* [Exercise description]: Once the line containing "Civico 81 * Νάπολη" is found in the records below, return it and each following line exactly, up to and including the line containing "독일 뮌헨에서 지하철을", and nothing else.

* [Task inputs]:
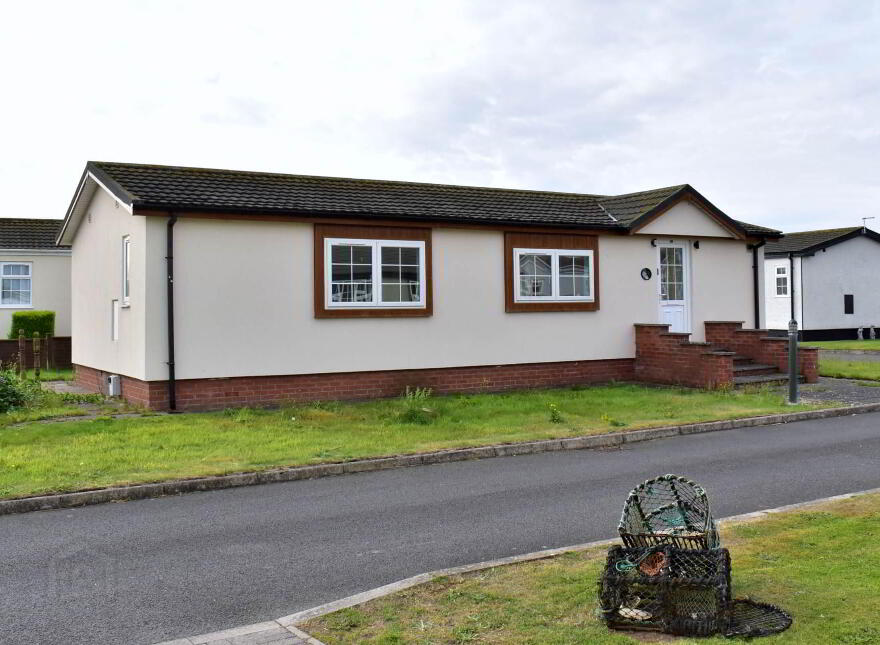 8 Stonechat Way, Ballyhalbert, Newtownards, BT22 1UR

...

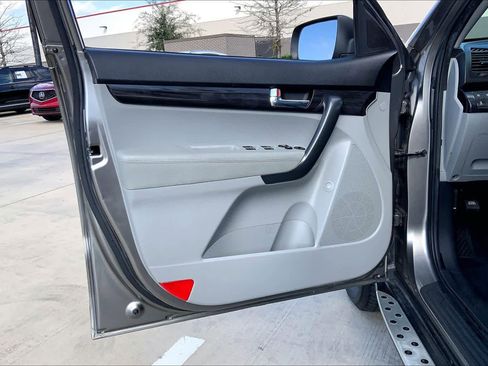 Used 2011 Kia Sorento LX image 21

==

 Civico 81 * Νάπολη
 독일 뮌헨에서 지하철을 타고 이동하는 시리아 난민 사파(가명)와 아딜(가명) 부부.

* [Response for this exercise]:
 Civico 81 * Νάπολη
 독일 뮌헨에서 지하철을 타고 이동하는 시리아 난민 사파(가명)와 아딜(가명) 부부.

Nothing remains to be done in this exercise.